Data availability is the crux on which much research in NLP depends. When a language is highly-resourced, it is possible to train large-scale models that demonstrate impressive performance on a wide array of tasks. Unfortunately, a majority of the world's languages are still lower-resourced, and lack sufficient data (if any data) that such models require for training. As a result, NLP research can look very different in lower- versus higher-resourced settings, and both scenarios come with their own particular challenges. For lower-resourced languages, different methods must be developed for overcoming the constraints of limited data, as well as for leveraging resources from other languages, unless significantly more effort is spent on resource creation. Meanwhile for higher-resourced languages, even when performance metrics are competitive, it can be difficult to evaluate what biases a model has learned from large datasets, and to determine a model's concrete limitations. Thus, in this work, we present a collection of studies from these two different settings of data availability: lower-resourced NLP for Creole languages and higher-resourced semantic parsing evaluation.

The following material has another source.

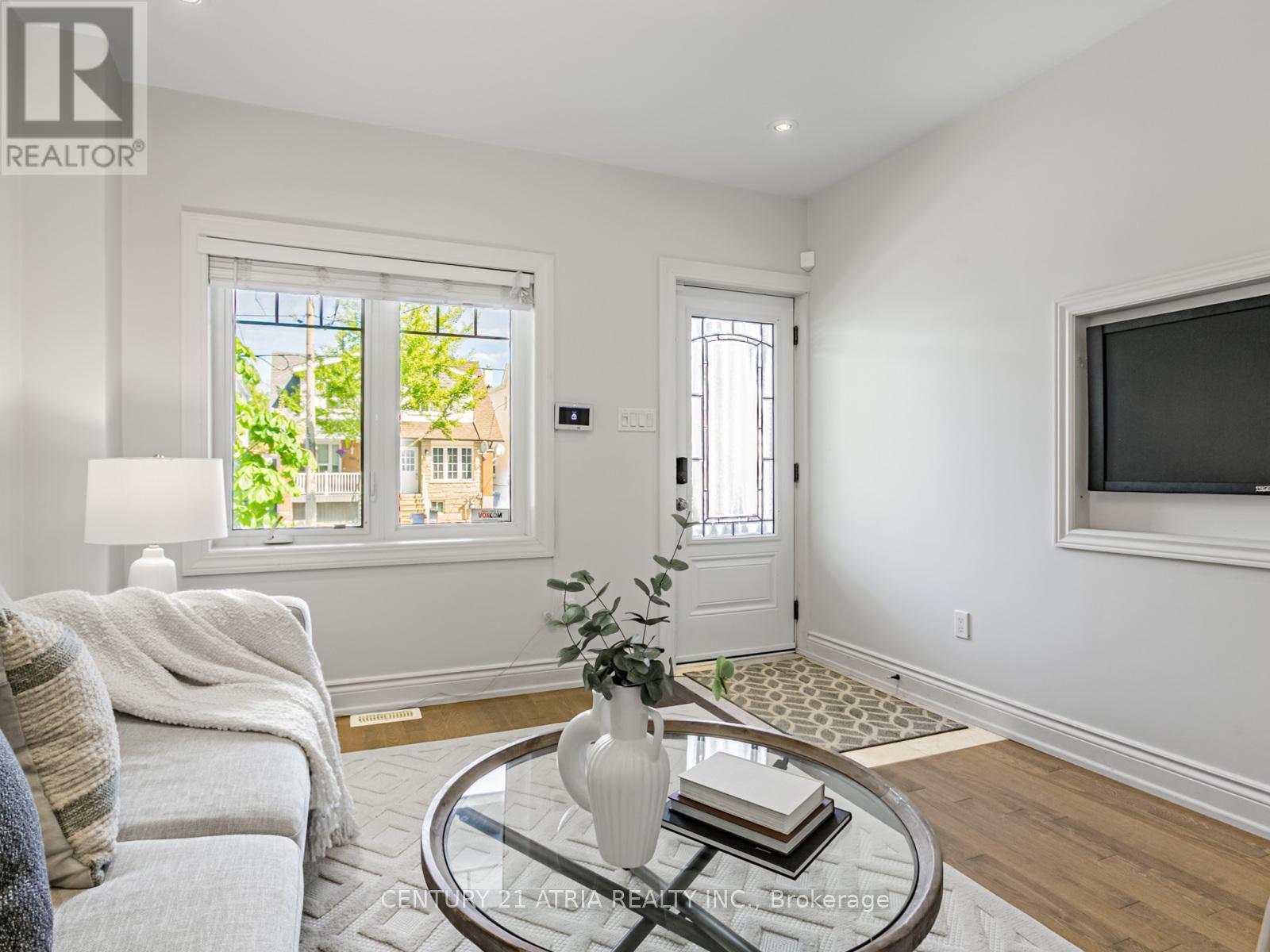 117 Aldwych Avenue, Toronto, Ontario  M4J 1X7 - Photo 1 - E12165943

The set of studies on NLP for Creoles each expand upon the topic from a different angle. First, we explore a linguistically motivated approach for language modeling of Creoles, utilizing a Distributionally Robust Objective, but ultimately find that this method does not outperform standard Empirical Risk Minimization (Chapter 2). Next, we investigate transfer learning for Creoles, as this is a common approach for leveraging information from high-resourced languages for lower-resourced ones. We find that the typical scenario, whereby cross-lingual learning is achieved by training on a set of languages closely related to the target language, cannot be trivially applied to Creoles (Chapter 3). The final two works within the scope of Creole NLP explore the needs for language technology within Creole-speaking communities, as it is critical that researchers do not assume these needs on behalf of a community (Chapter 4), and discuss approaches, progress, and considerations for creating a multitask benchmark dataset for Creoles, which will allow NLP researchers the opportunity to include these languages within their work, and to further develop Creole NLP (Chapter 5).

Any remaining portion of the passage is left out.